According to the new rules, which were issued on 29 August, shows will not be allowed to satirise classic works of Chinese literature or encourage decadent behaviour and are expected to promote "positive energy".

The new guidelines also threaten to ban programmes that promote overnight fame, the flaunting of wealth, hedonism, or fanaticism for pop stars and internet celebrities. Producers or broadcasters of such shows are at risk of losing their licenses for releasing such material, Reuters reported.

The new measure to censor the already strictly regulated Chinese media is the latest move by President Xi Jinping to eliminate the influence of the West in China.

Another draft film law has also been submitted to the bimonthly session of the National People's Congress (NPC) Standing Committee, which if passed will require people in the film and entertainment industry to uphold "excellence in both professional skills and moral integrity," the State run news agency Xinhua explained.

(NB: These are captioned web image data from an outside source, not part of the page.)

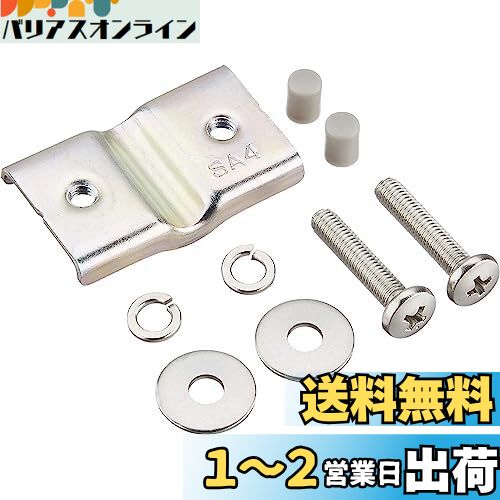֥¥ȥ(BRIDGESTONE) Хåȼեͥå 07VL.K P4437 7620124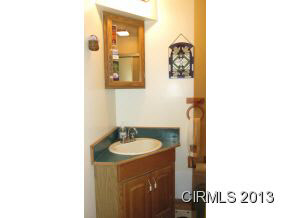 3501 Southlea Dr, Kokomo, IN 46902 photo 15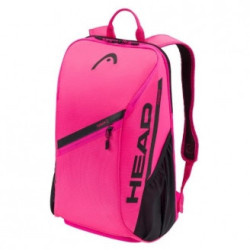 Head Tour Backpack 25L PK
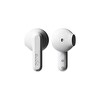 Sudio A3 Pro ANC True Wireless Beyaz Kulak İçi Bluetooth Kulaklık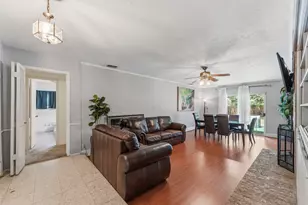 613 Misty Glen Dr, DeSoto, TX 75115 - Photo 7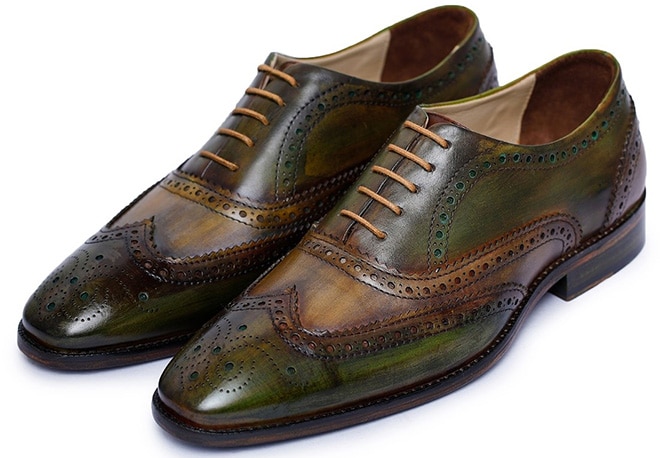 lethato-handcrafted-italian-dress-shoe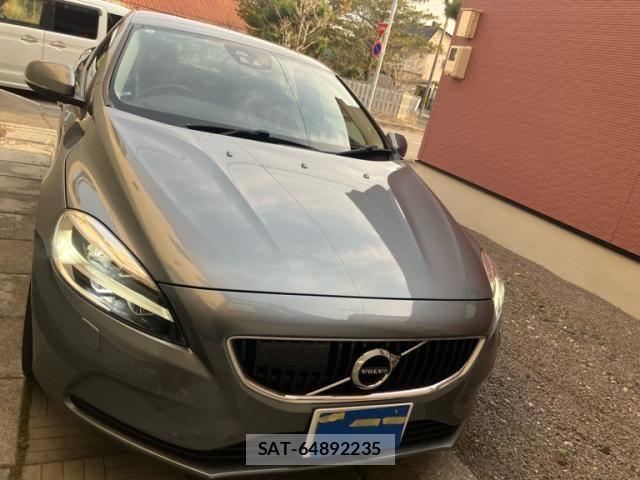 Volvo V40 2017-12 4993192-1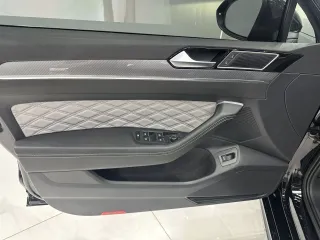 Volkswagen Magotan 2023 — фото 8 из 28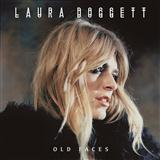 Download Laura Doggett Old Faces sheet music and printable PDF music notes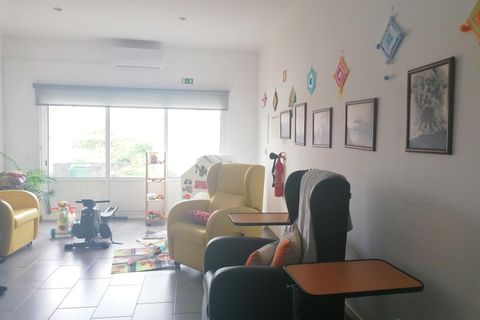 Byhus i Horta, Faial, Horta - € 1.500.000 | Ref: 1123 - foto 20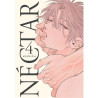 Nectar 4
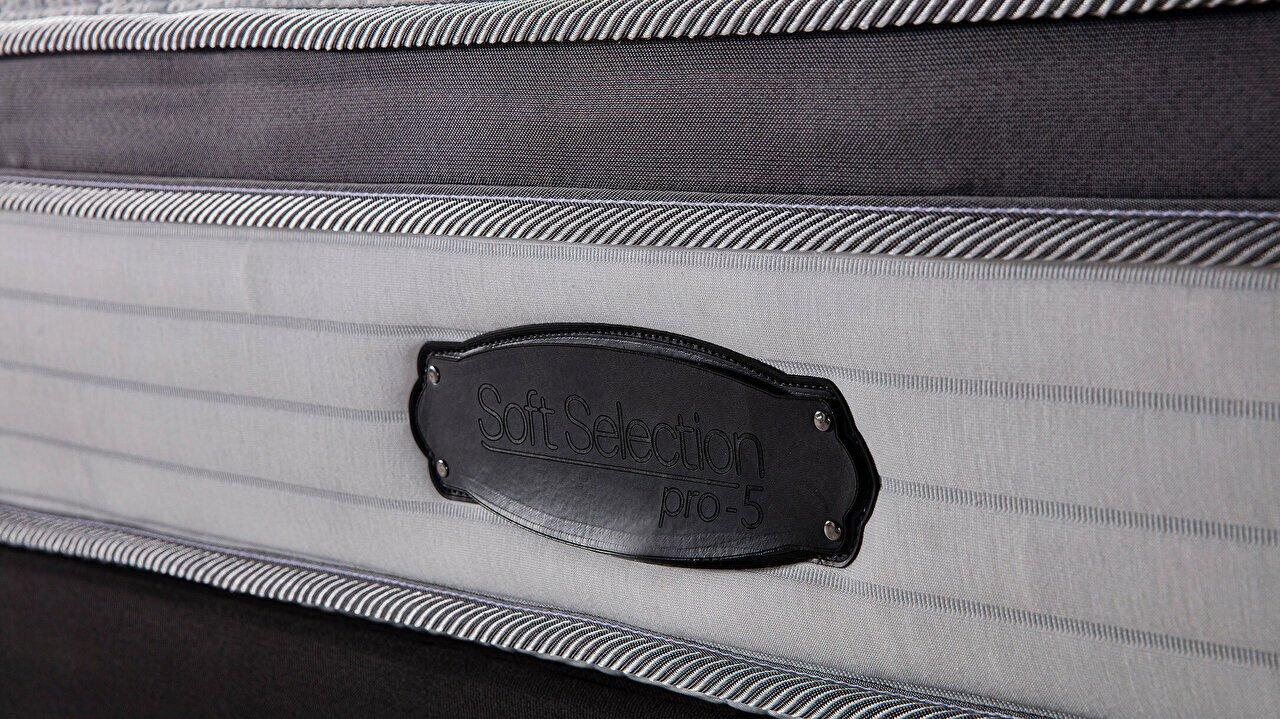 product__photo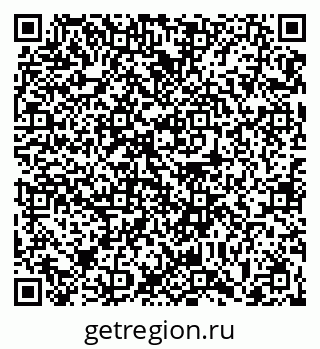 79063426855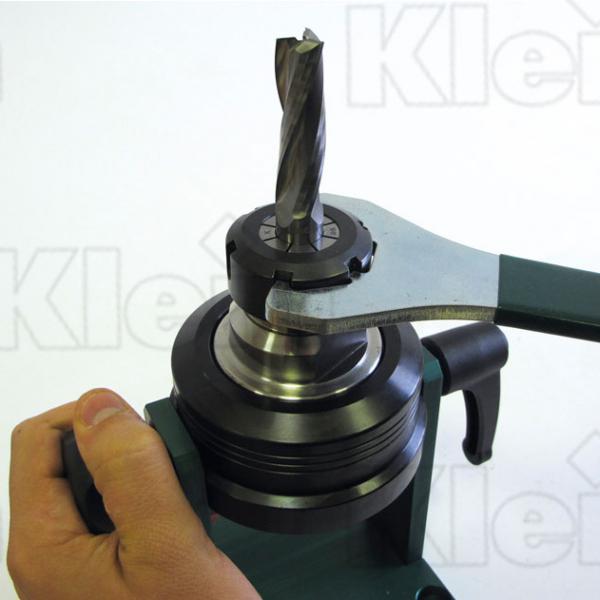 KLEIN SMONTACONI UNIVERSALE REGOLABILE T139 Klein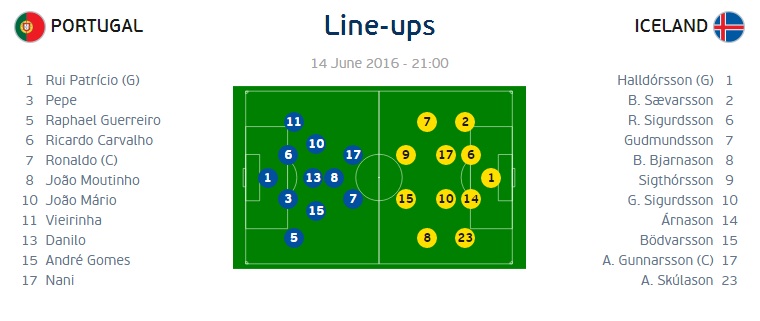 Εικόνα live21960843/19794.jpg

The draft stated that film distribution companies and cinemas involved in fabricating movie ticket sales or engaging in improper methods will be liable for administrative punishments, including fines of up to 500,000 yuan ($75,000, £57,300), business suspensions, and outright bans.

Post production services for foreign films can be undertaken by citizens, corporations and other organisations with the exception of content that could "harm national dignity and interest of China, cause social instability, or hurt the national feeling".

China already has strict regulations and censorship of the content being offered for viewing. However, foreign television shows, films and music continue to filter into the country through illegal downloads and pirated CDs.